DATA FOR THIS TASK Start Marker

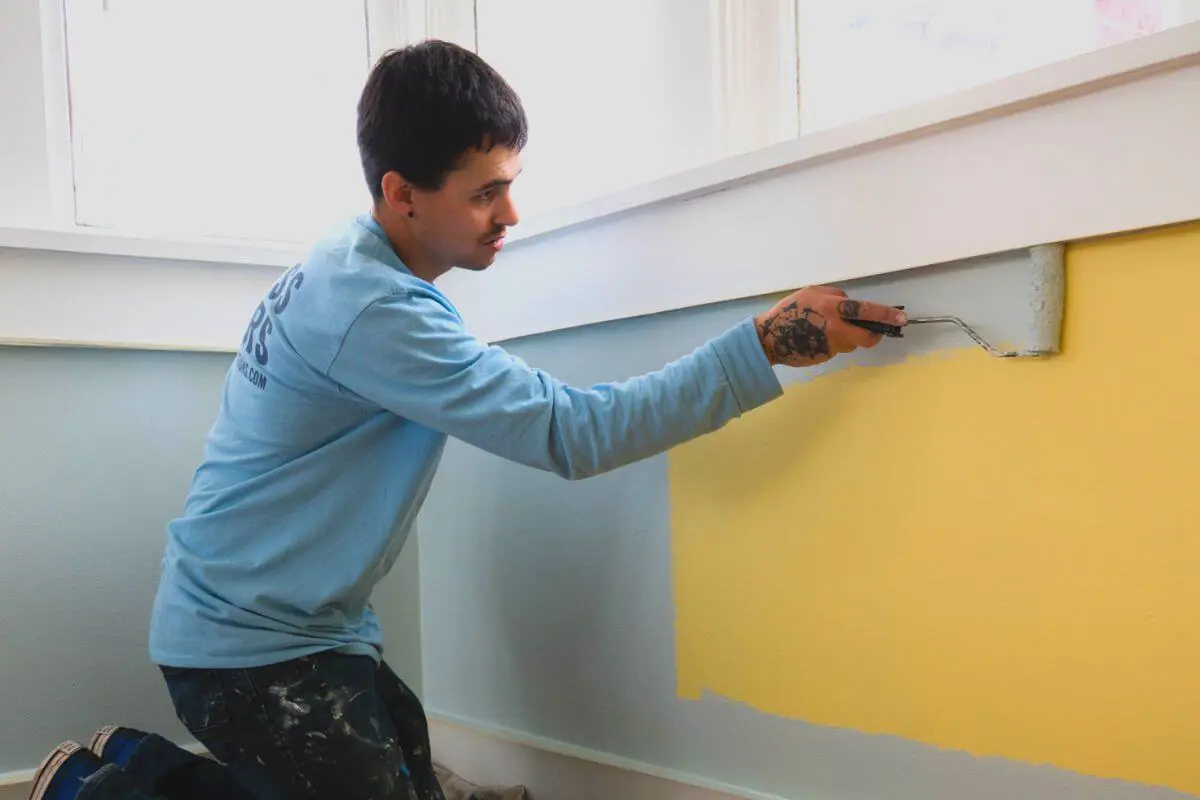 photo of an interior painter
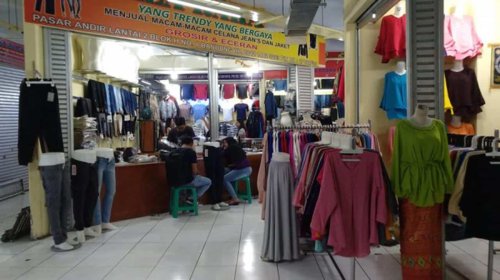 1. Pasar Andir Trade Center, 2. Pasar Baru Trade Center, 3. Balubur Town Square, 4. Pasar (Cimol) Gedebage, 5. ITC Kebon Kelapa, 6. Jalan Cihampelas, 7. Gang Tamim, 8. Pasar Kaget Gasibu, 9. Pasar Jumat Pusdai, 10. Paberik Badjoe Factory Outlet, 11. Factory Outlet, Top 11+ Tempat Belanja Baju Murah di Bandung yang Recommended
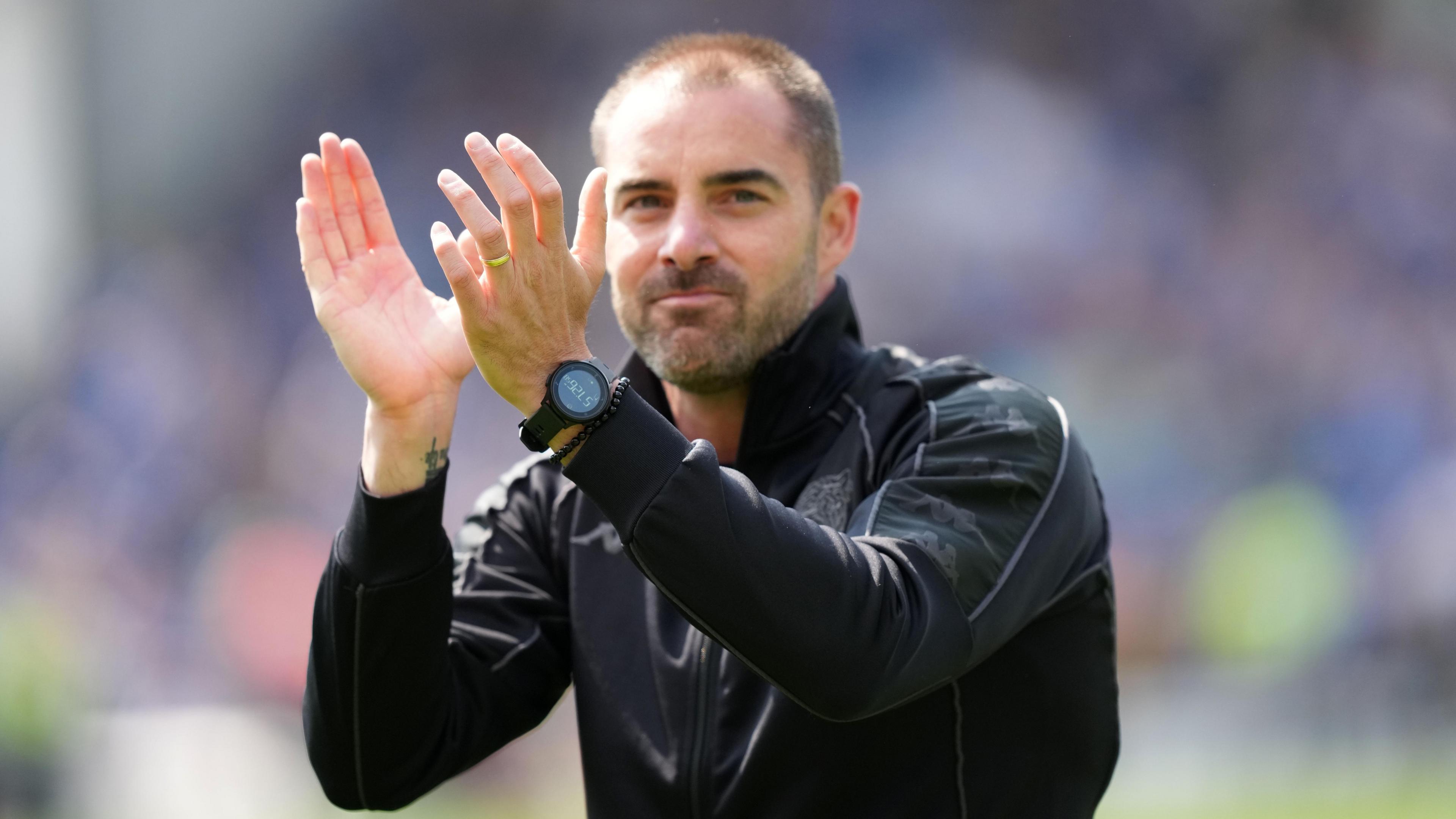 A photo of Ruben Selles applauding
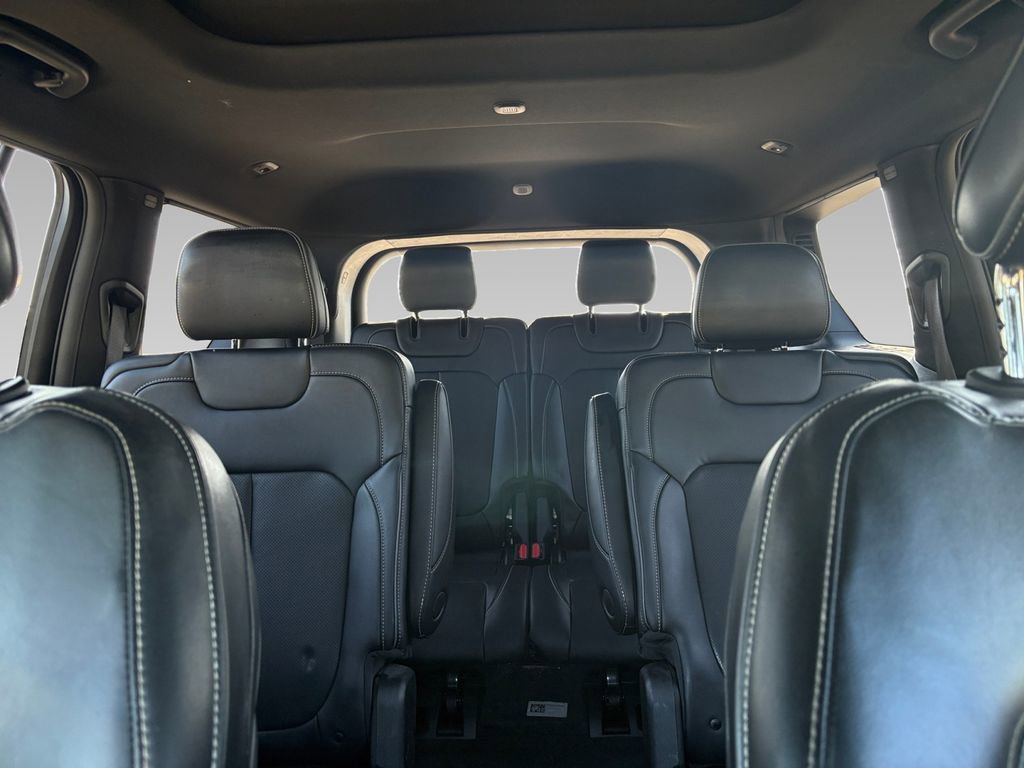Used 2022 Jeep Grand Cherokee L Overland image 2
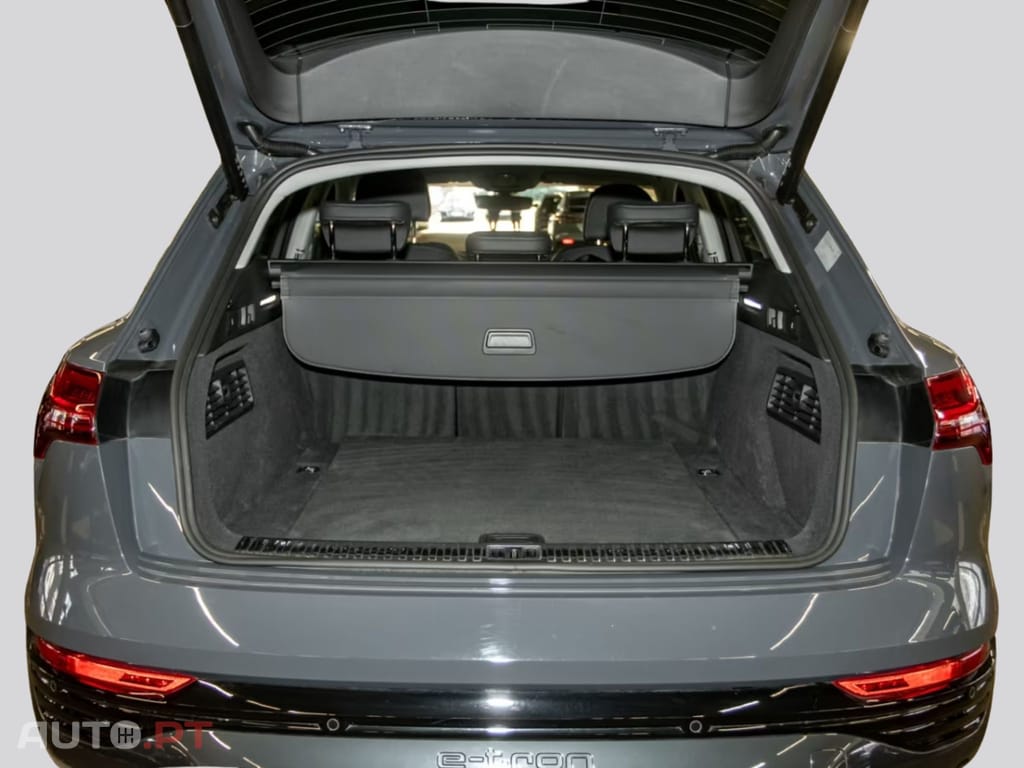 Audi Q8 e-tron Advanced 50 quattro 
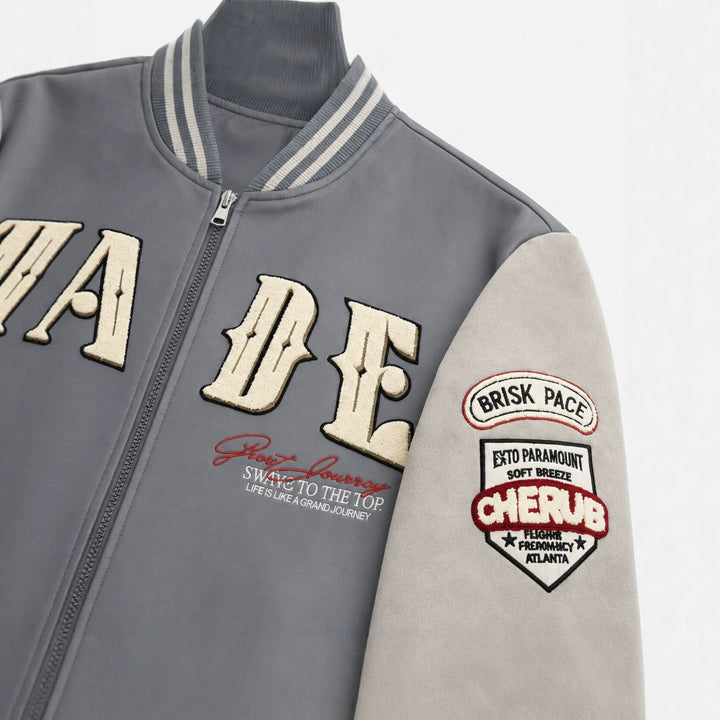 Herren Collegejacke im Letterman‑Style mit Kunstlederkörper und Veloursärmeln Drune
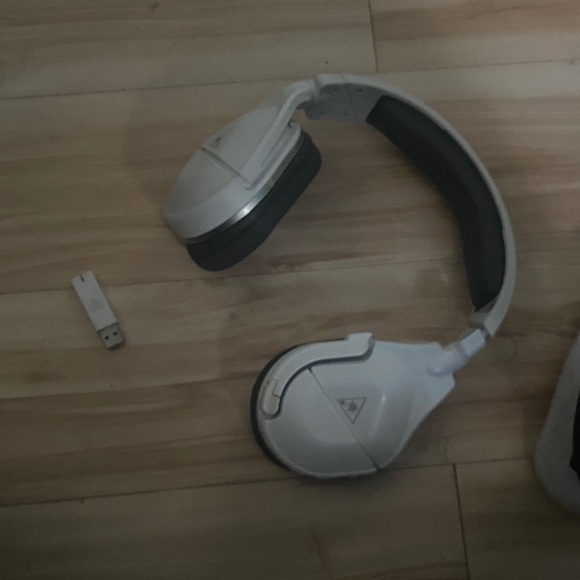 Turtle Beach White Over-Ear Headphones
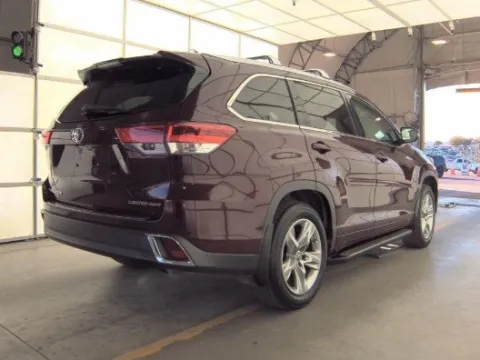 Photos of 2019 Toyota Highlander Limited for sale in Plano, TX at Gulliver Auto Group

DATA FOR THIS TASK End Marker

REQUIREMENT:
In the data, the line that contains "Audi Q8 e-tron Advanced 50 quattro" begins the part to write out; restate it and each line after it word for word through the end, with no pictures.

SOLUTION FOR THIS EXERCISE:
 Audi Q8 e-tron Advanced 50 quattro 
 Herren Collegejacke im Letterman‑Style mit Kunstlederkörper und Veloursärmeln Drune
 Turtle Beach White Over-Ear Headphones
 Photos of 2019 Toyota Highlander Limited for sale in Plano, TX at Gulliver Auto Group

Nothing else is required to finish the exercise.